Graph Neural Networks (GNNs) are a powerful class of machine learning models with applications in recommender systems, drug discovery, social network analysis, and computer vision. One challenge with their implementation is that GNNs often take large-scale graphs as inputs, which imposes significant computational/storage costs in the training and testing phases. In particular, the message passing operations of a GNN require multiplication of the graph adjacency matrix A ∈ Rⁿ×n and the data matrix X ∈ Rⁿ×^d, and the O(n²d) time complexity can be prohibitive for large n. Thus, a natural question is whether it is possible to perform the GNN operations in (quasi-)linear time by avoiding the full computation of AX. To study this question, we consider the setting of a regression task on a two-layer Linear Graph Convolutional Network (GCN).
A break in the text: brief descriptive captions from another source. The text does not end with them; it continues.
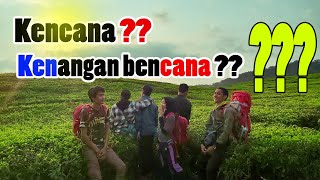 KENCANA PUNYA CERITA!! BRAKCUY | (Pendakian Penuh dramatis) | Gunung Kencana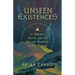 Unseen Existences: Of Heaven, Earth, and the Divine Mystery in All Things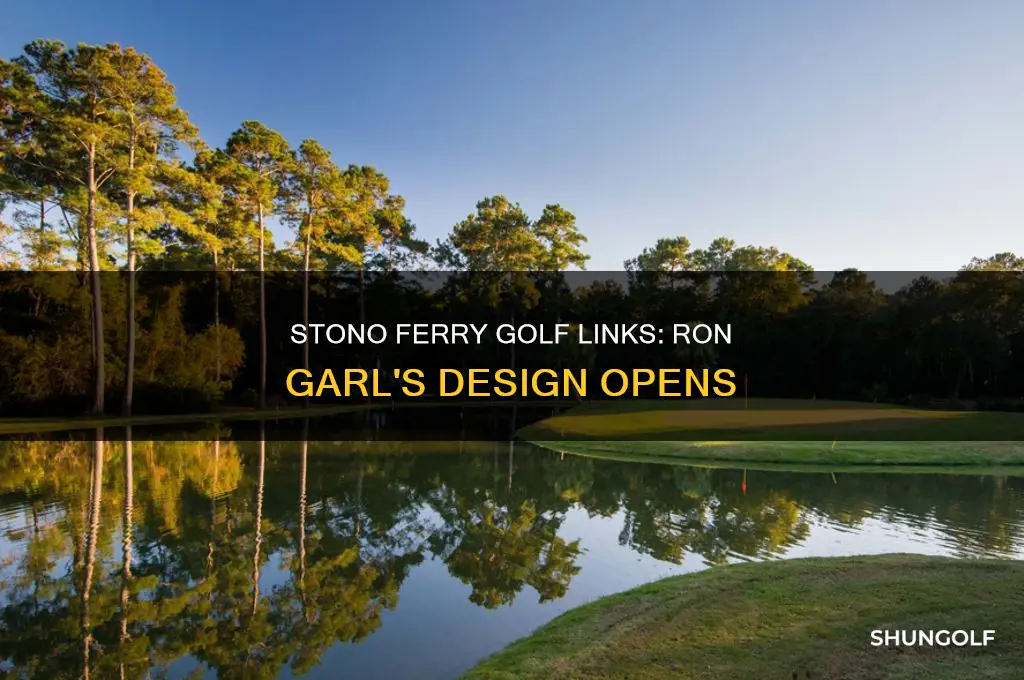 when did stono ferry golf links a ron garl open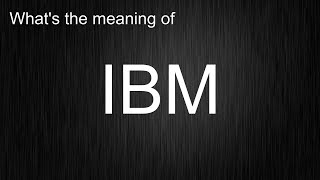 What Does "IBM" Mean? Unlocking Its Pronunciation Secrets!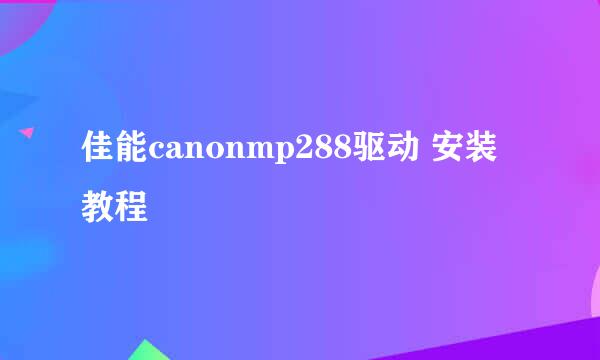 佳能canonmp288驱动 安装教程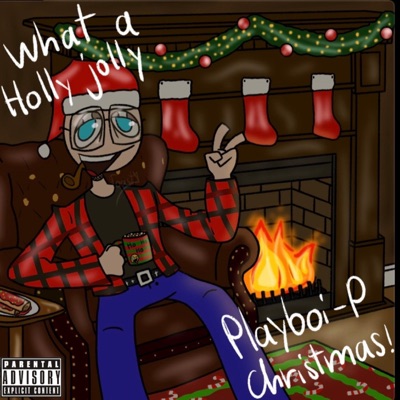 What A Holly Jolly Playboi P Christmas ! - EP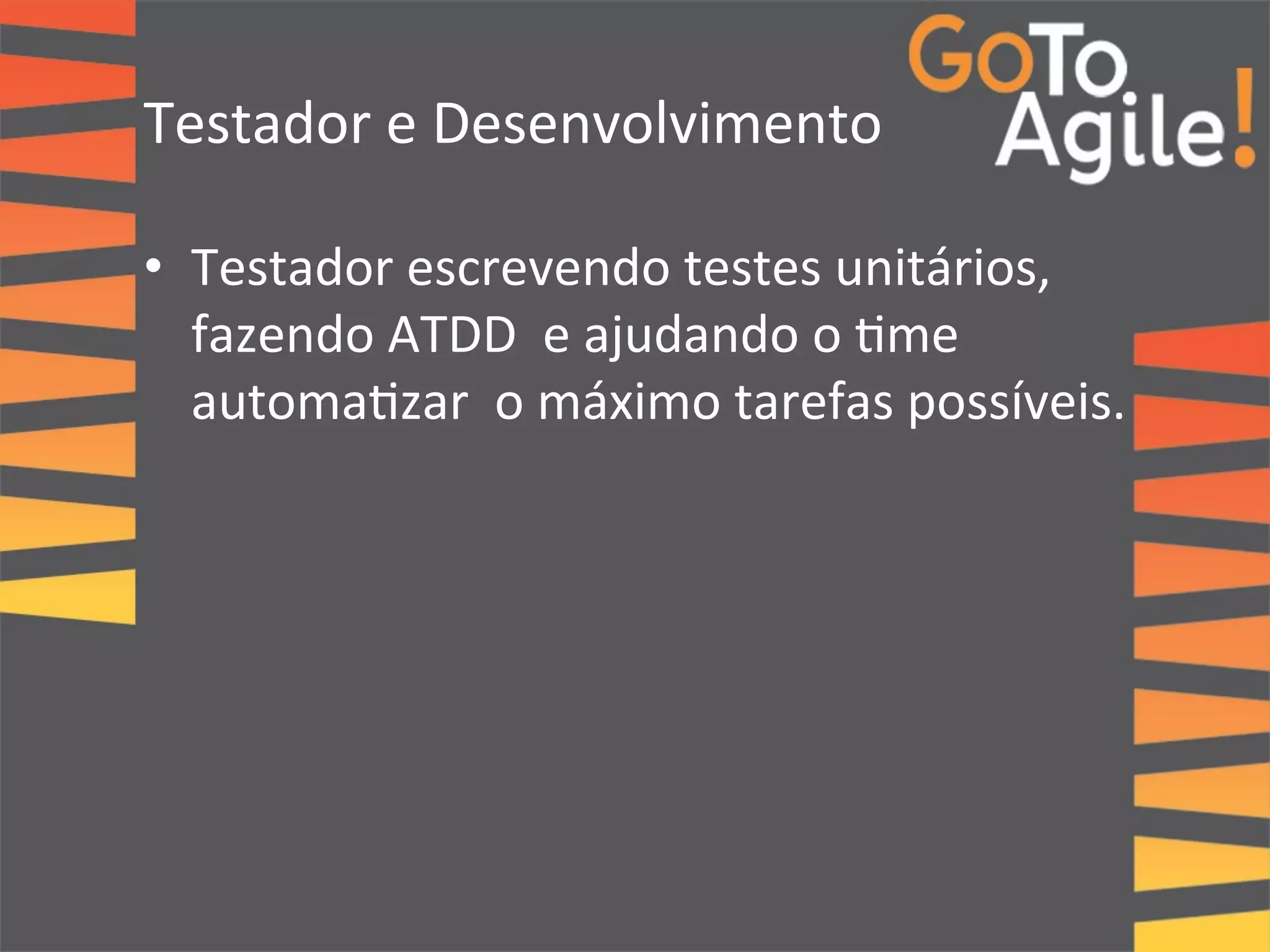 Testador 
e 
Desenvolvimento 
• Testador 
escrevendo 
testes 
unitários, 
fazendo 
ATDD 
e 
ajudando 
o 
0me 
automa0zar 
o 
máximo 
tarefas 
possíveis. 
 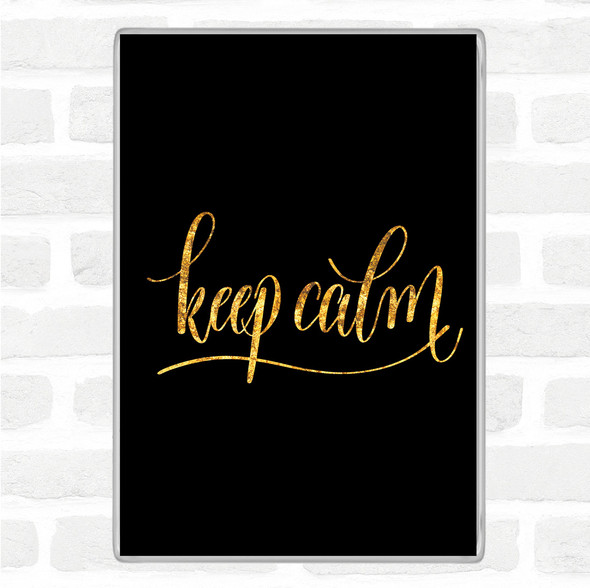 Black Gold Keep Calm Swirl Quote Jumbo Fridge Magnet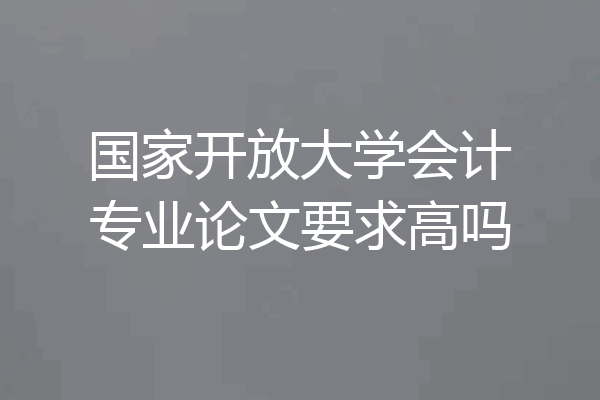 国家开放大学会计专业论文要求高吗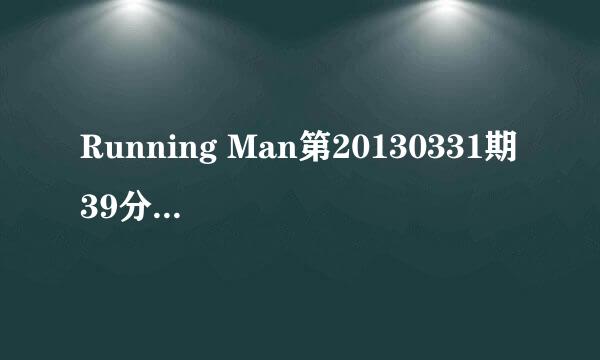 Running Man第20130331期 39分时候的插曲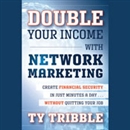 Double Your Income with Network Marketing by Ty Tribble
We develop an efficient training algorithm based on (1) performing node subsampling, (2) estimating the leverage scores of AX based on the subsampled graph, and (3) performing leverage score sampling on AX. We show that our proposed scheme learns the regression model observing only O(ndε⁻² log n) entries of A in time O(nd²ε⁻² log n), with the guarantee that the learned weights deviate by at most ε under the ℓ₂ norm from the model learned using the entire adjacency matrix A. We present empirical results for regression problems on real-world graphs and show that our algorithm significantly outperforms other baseline sampling strategies that exploit the same number of observations.